彼と初めて出会ったのは、2008年の初め頃に開かれた北朝鮮の人権関連イベントの会場だった。同い年だといって握手を求められ、ためらうことなく右手を差し出した。彼の右手の中指の第一関節から先は欠損していた。まさにそれが彼の生き様を表していた。

8割が大学に進学し、ホワイトカラーを目指す韓国の同世代とは全く異なる「つらい人生」が彼の手に刻まれていた。彼の名は申東赫(シン・ドンヒョク)。最近、自叙伝の一部に「間違い」があったことを認めた。

彼は脱北して後、国際社会に北朝鮮の人権実態を知らせる活動に注力した。国境の壁を超えた彼の活動は実に輝かしいものだった。ほとんどすべての脱北者が経験する韓国社会への適応という難題を克服し、自ら「北朝鮮の人権」の象徴的証言者となった。

北朝鮮内部の人権弾圧の証言と証拠に加え、彼の伝えた政治犯収容所のリアルな描写と証言は、独裁政権に対抗する国際世論の武器となった。
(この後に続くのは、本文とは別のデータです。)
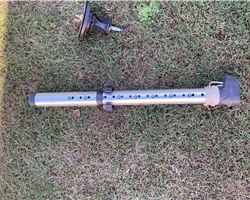Pro Limit Sdm Alloy Extension 45Cm windsurfing accessorie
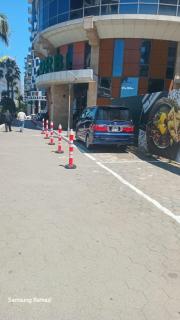 Sea Star 2 - Batoemi - 3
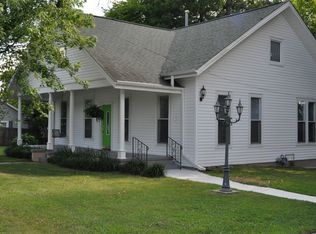 217 Alabama St, Killen, AL 35645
また『14号収容所脱出』(日本では『収容所に生まれた僕は愛を知らない』のタイトルで出版)に綴られた体験談や国連と米議会での証言は、北朝鮮の人権の実態把握に多大なる貢献をした。

昨年11月、北朝鮮のプロパガンダサイト「わが民族同士」は彼の父親を登場させて彼の主張への反論攻勢を仕掛けた。申東赫の証言と北朝鮮政府のプロパガンダが激しくぶつかりあったのだ。

唯一の肉親に非難されて平気なはずがない。北朝鮮という体制の特殊性を理解すればするほど、彼の苦痛の重さがいかほどかを感じられるようになる。

北朝鮮の人権問題をめぐる不信の種「証言の間違い」

申東赫は自分の経験をもとにした「14号収容所脱出」に、いくつかの間違いがあることを認めた。彼は時間と場所を間違えていた。母と兄が処刑されたのは14号収容所ではなく18号収容所だった、彼が拷問されたのは13歳でなく20歳だった、ということなどだ。

いわゆる「証言の間違い」は、人権問題において深刻に取り扱われるべき問題だ。人の記憶は感情や主観、時間の経過により多少誇張されたり歪曲されることがある。アウシュビッツや、クメール・ルージュによる大虐殺でもこのような「証言の間違い」があった。

しかし、その間違いを根拠に残酷な人権弾圧そのものが否定、歪曲されるものではない。科学的な常識を尊重する文明社会は、悲劇の物質的証拠を確保しているからだ。

北朝鮮の政治犯収容所の物質的証拠の存在は、既に世界中の知るところとなっている。衛星写真は、政治犯収容所の詳細な場所を再確認してくれた。収容所出身の脱北者の絶対多数が伝える政治犯収容所の実態を、「口裏合わせ」で一致させることな不可能だ。